Other than creating a supply of water to saturate the air, drainage layers also:
- Reduce the risk of oversaturation by allowing water to drain effectively, therefore preventing roots from rotting
- Fuel the water cycle by facilitating the flow of water around the terrarium
- Balance any overzealous watering issues by the buffer it provide
- Prevent substrate from becoming soggy
Keep in mind that the depth of the substrate matters, too. If you add too little, it won’t increase the humidity in your terrarium. Add too much, and it may become oversaturated and cause molds to grow. A good substrate depth is about 3 inches.
Add More Plants
The water cycle won’t be complete without plants. Remember, the more plants you have, the more transpiration it creates. As a result, water evaporation is increased. Thus, more plants = higher humidity levels.
Interested in what plants you can include in your self-sustaining ecosystem? Learn all about the best terrarium plants here.
Understandably, some of us don’t stuff our terrariums to the brim with plants, especially if we’re going for a particular aesthetic. In such cases, you can use moss. Due to its large surface area and density, it can increase your terrarium’s biomass without sacrificing too much space. Want to learn about moss terrariums? Check out this whole guide on the topic.

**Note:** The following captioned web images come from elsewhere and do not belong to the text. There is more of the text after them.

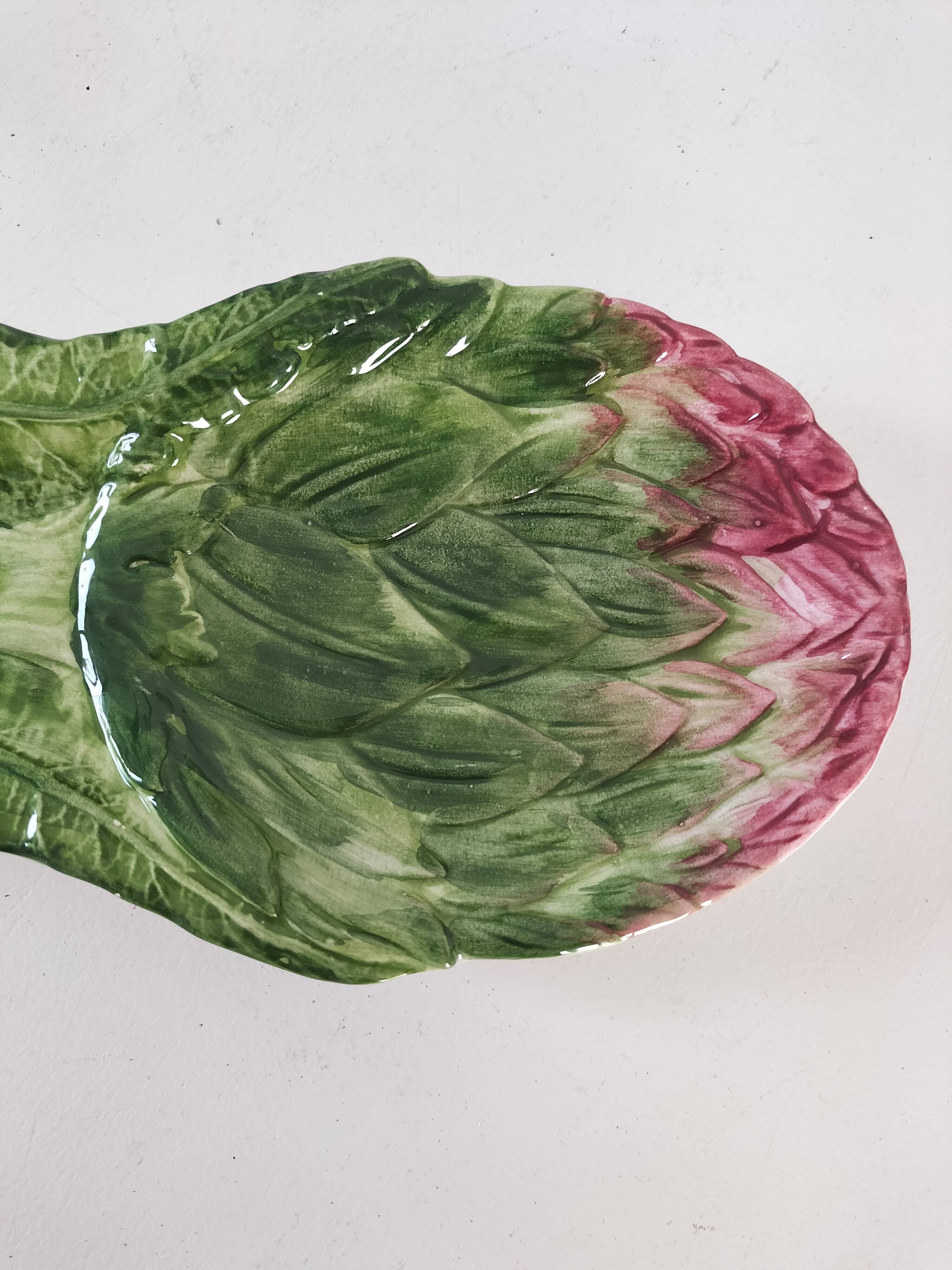 Vintage Italian slipware bowl – artichoke in bloom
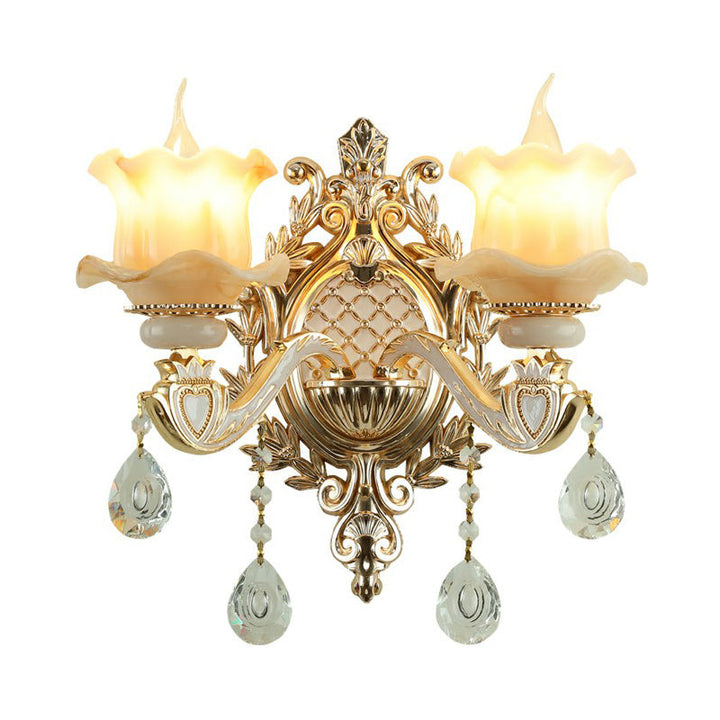 Jade Wall Mount Light Traditional Beige Flower Corridor Wall Sconce with Crystal Drop | Kalsten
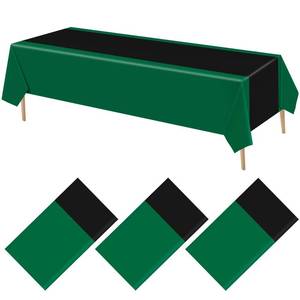 lot 56549 image: 3 Pcs Disposable Plastic Tablecloth Plastic Table Runner Rectangle Table Covers for Graduation Wedding Birthday Party Decorations 51 x 108 (Dark Green, Black) - Retail $10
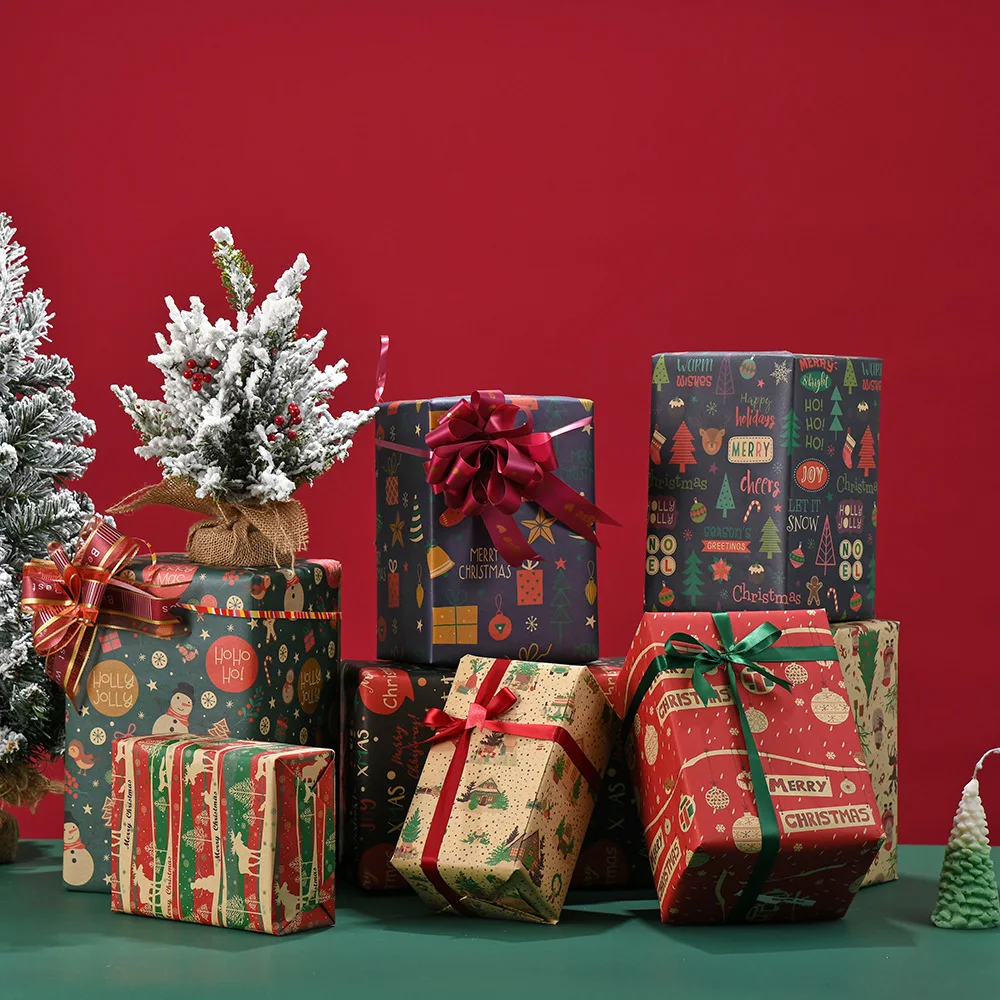 50x70cm Christmas Kraft Wrapping Paper Christmas Gift Thickened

If you’re too cool for moss though, consider edible terrarium plants. There are more options than you would think. Carnivorous terrarium plants are more difficult to care for, but have an awesome aesthetic and most fare well in either of the terrarium conditions.
Decrease Air Circulation
Generally, air circulation isn’t a bad thing. In fact, sufficient ventilation is necessary for the living organisms in your terrarium to survive.

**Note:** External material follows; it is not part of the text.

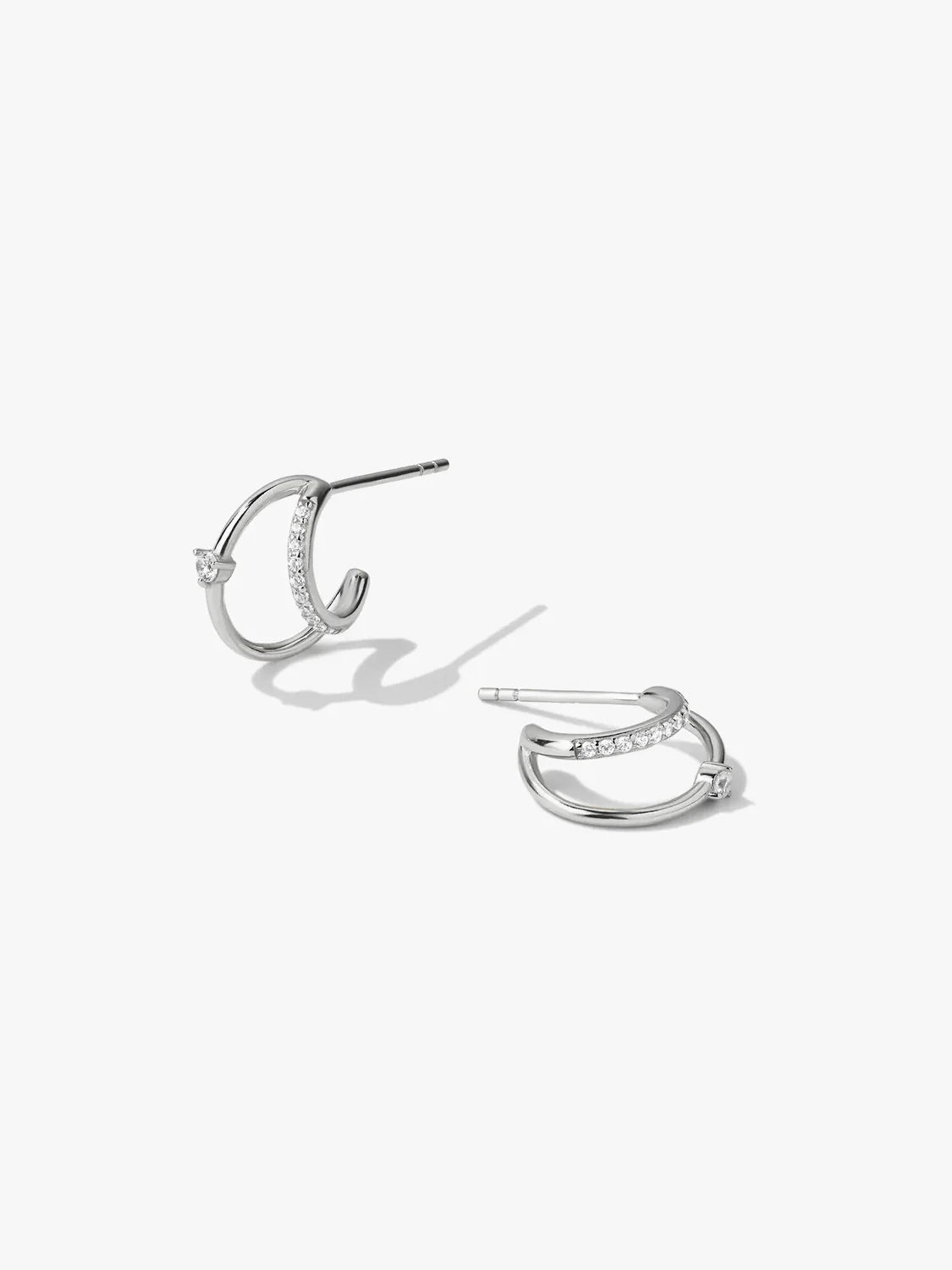 Pave & Prong Crystal Double Hoop Earrings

However, too much air circulation can dry up your terrarium and decrease overall humidity. Those who own closed or sealed terrariums won’t have an issue with air circulation as it’s already sealed from the above.
But, if you own an open terrarium, decreasing the ventilation is the best way to retain humidity. After all, how can you generate humidity if there’s nothing trapping it inside the enclosure?
Controlling the ventilation around your terrarium is fairly easy. Simply cover half of the screen lid with some sort of barrier, i.e., a sheet of glass, plexiglass, or other water-proof material.
Final Thoughts on Terrarium Humidity
Retaining the moisture in a glass terrarium is essential if you want your plants to thrive. So, keep your terrarium under suitable temperatures, mist it ever so often, and use moisture-retaining substrates. Remember too that if a terrarium plant does bite the dust, then you can purchase a high-quality replacement online.
As long as you’re doing all three, plus the tips discussed above, you won’t ever have to worry about your terrarium’s humidity!